Wenn es für's Auto sein soll: was soll damit gemacht werden? Evtl. ist da auch ein kleiner PIC http://www.reichelt.de/?;ACTION=2;L...wQARwAAAf-aNEc2765dad9597619ddbfa3a65ea78912f sinnvoller, da kann man ein Display von Pollin ansteuern (glaube der 2. Link war sowas).


----------



## cas (21 April 2010)

do mußt die Daten seriell rüberschicken.

wenn du ein A schickst ist das gleich dem Wert 65 B=66 C=66 usw.

eine 65  ist binär (8bit) =01000001 als 64 +1

also schickst du 0 1 0 0 0 0 0 1 rüber und hast den wert 65
Nur einsen und nullen !

bei 2x16 Zeichen sind das dann 2*16*8=256 bits.

fertig...

MfG CAS


----------



## Blockmove (21 April 2010)

cas schrieb:


> do mußt die Daten seriell rüberschicken.
> 
> fertig...


 
Sooo einfach ist nun auch wieder nicht.
Wenn du nur einen einzelnen Ausgang hast, dann brauchst du erstmal mal ein Timing-Protokoll.
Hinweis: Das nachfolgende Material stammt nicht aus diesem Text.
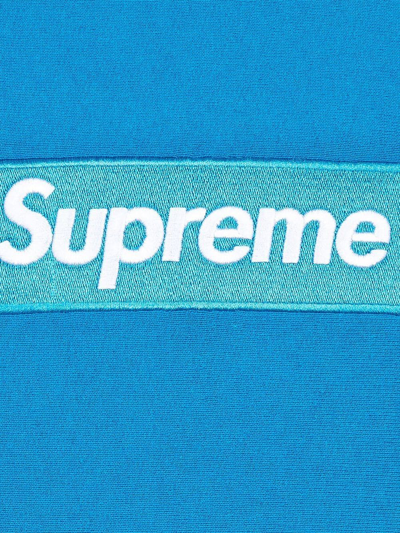 Shop Supreme Box Logo Crew-neck Sweatshirt In Blue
Sonst weiss dein Partner nämlich erstmal gar nicht, was eine eine 1 und was eine 0 ist und auch nicht, wann die Übertragung startet.
Das ganze programmierst du sicherlich nicht in 10 min. herunter.

Gruß
Dieter


----------



## cas (21 April 2010)

richtig...
in 10 Minuten nicht, aber 1 Tag sollte reichen.

Wie die Syncronität sein wird, ist dem Programmierer überlassen.

Ber der RS232 geschieht die Sync mittels Zeit. Man könnte aber auch per Manchaster codieren, oder das Sync-Flag mit in Protokoll "schmuggeln" oder auch einen 2. Ausgang nutzen.

Habe das nicht angesprochen, weil es zu viele Möglichkeiten gibt.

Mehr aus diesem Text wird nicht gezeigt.